Reading

Reading questions

What does the term data model refer to?

What are the four main data models in the NoSQL ecosystem?

What does the term aggregate refer to? (section 2.1)

How do we decide if we should use an aggregate-oriented data model vs an aggregate-ignorant one like relational databases? Where does each model excel?

How do key-value stores and document databases differ in their approach to aggregate structures?

How are column-family databases organized?

What is schemaless design? What are its advantages and drawbacks?

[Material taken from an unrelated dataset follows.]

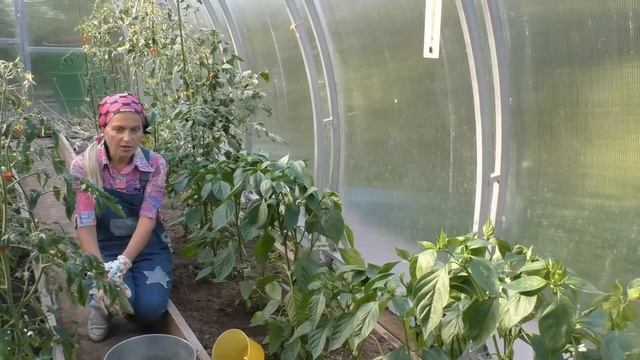 Как увеличить урожай перцев смотреть онлайн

What are materialized views? What are their uses?

Notes

Aggregate Data Models

An aggregate is a collection of related objects that we treat as a unit. These aggregates tend to transcend the normalized breakdown that relational databases promote. For example, recall our basic evaluations database structure:

Evaluations Database Relationships

There are many different "aggregates" we could consider. Ultimately what determines an aggregate has to do with the kinds of queries one might want to perform.

We could consider an "evaluation", which would contain in it the various questions and answers pertinent to that evaluation. In JSON terms, it may look something like this:

{
  "evalHash": ".....",
  "sectionId": ".....",
  "answers": [
    {
      "questionId": ".....",
      "questionPrompt": ".....",
      "questionType": ".....",
      "instructor": ".....",
      "answerNum": ".....",
      "answerText": "....."
    },
    .....
  ]
}

We could consider a "section" object, which would contain more details about the course and instructors, rather than simply linking to those tables. And it may further contain the various student enrollment lists and evaluation lists. So it may look something like this:

{
  "sectionId": ".....",
  "courseId": ".....",
  "fullName": ".....",
  "term": {
    "year": ".....",
    "period": "....."
  },
  "status": ".....",
  "instructors": [
    {
      "name": ".....",
      "id": "....."
    },
    .....
  ],
  "enrolled": [
    {
      "studentId": ".....",
      "studentName": ".....",
      "completed": "....."
    },
    .....
  ],
  "evaluations": [
    {
      "evalHash": "...",
    },
    {
      "evalHash": "...",
    },
    .....
  ]
}

The idea is that aggregates tend to put together all the information that will tend to be processed together. This simplifies and speeds up those queries that respect this unit of interaction.

On the other hand, it also makes other queries more complicated. Suppose for example that we wanted to get summary information about all student answers to a particular question. With our aggregate example above, we have essentially two approaches:

We could go through each "evaluation aggregate", extract the necessary information, and return it.

If this is a frequent query, we could have created a different "answer" aggregate, that organizes the information in some alternate way. Then we would need to ensure somehow that the two structures remain synchronized, as we now store the same information in multiple places.

So bottom line: In aggregate data models, some queries that respect the aggregate structure are fast, while other queries that transcend the structure become harder to perform.

Key-Value Stores and Document Databases as Aggregate Data Models

Both key-value stores and document databases emphasize an aggregate-oriented design: Each aggregate is identified by its id/key and treated as a unit.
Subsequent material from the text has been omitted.